First approved by the city in the early 1980s - the original developer was Chuck Helenberg - the nearly 1,000-acre Cedar Heights has gradually built up over the years until today there are 175 residences (mostly single-family, custom-built homes) spread out along private, paved streets that curve across the hillside. Access is from Black Canyon Road, which forks off Garden Drive just outside the Garden of the Gods near Manitou Springs. The road goes past the sales office at 2001 Black Canyon Road and through the security gate, then winds up the hill into the subdivision.
The Outback's lots range in size from just under 1 acre to 6.49 acres, with asking prices from $298,000 to $599,000 (also the highest lot in elevation). Nichols said he is glad to have larger lots to work with, because that allows room in the hilly terrain to locate suitable building pads.
Extending up from the existing subdivision, the roads past the Outback's 21 lots were paved this month. Seven are already sold.

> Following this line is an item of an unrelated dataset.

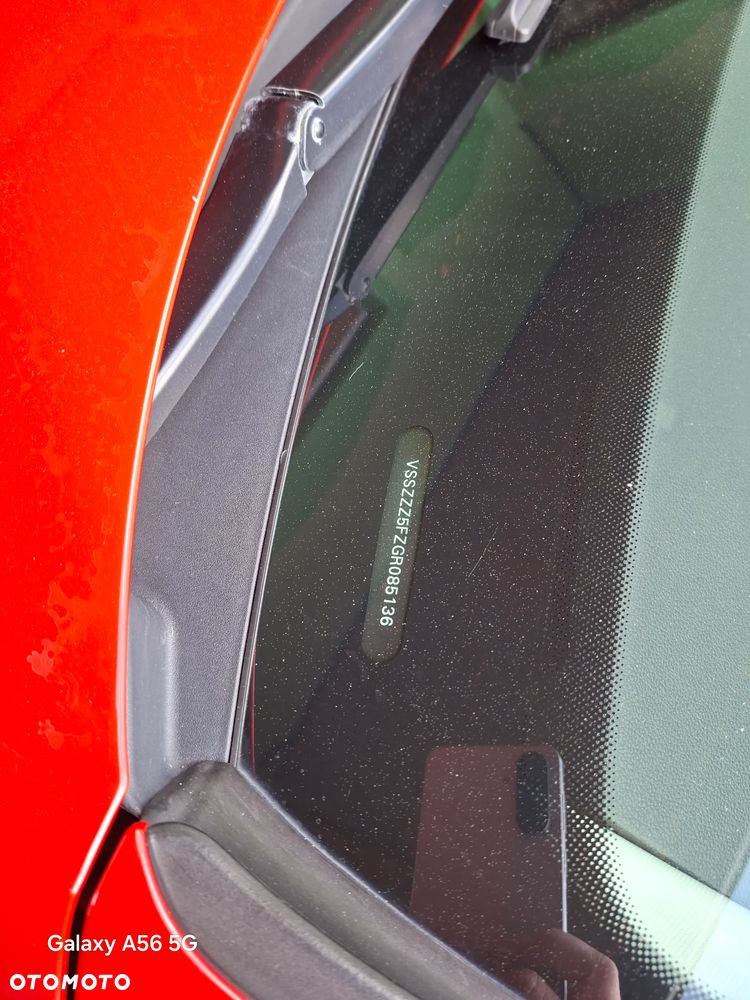 Seat Leon 1.4 TSI FR S&S - 9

According to Nichols, in creating custom homes, lot-owners typically work with the builder on detailed aspects of the design, taking into consideration lifestyles, personal desires and budget. At the same time, while the idea is not to be overly restrictive on design, the Cedar Heights Homeowners Association (HOA) has certain covenants on style and landscaping, and the developers themselves “want homes that are friendly to the environment, not something that stands out starkly and becomes obtrusive,” he said.
Comito and Nichols have been development partners since 1996, with previous projects including the Cheyenne area's 58-lot Stratton Preserve,which, like Outback, is on a parcel bordering public open space. Nichols (either alone or with Comito) has built 11 houses since starting his local development career in 1981 that have been selected for the local Homebuilders Association's Parade of Homes.
Because of a lawsuit (settled out of court) with a previous developer, activity on the upper parcels at Cedar Heights was put off for about six years, until about 2006. So it was good news after the settlement when Nichols/Comito offered to take over the development, according to Ben Kuckel, a resident since 1998 who was HOA president for the past four years (ending last March). “The members were tickled pink to have someone like Nichols and Comito coming in,” Kuckel said. “They have a great reputation.”
The lawsuit agreement had finalized the layouts of Outback, as well as the other upper parcel, the 49-acre, Placer Park Ridge. Nichols/Comito developed the 28 lots and road system on Placer before moving over to Outback.
Also resulting from the agreement was the creation of a 300-acre private open space area called Solitude Park, along with 5-acre Echo Canyon Park, between the two parcels.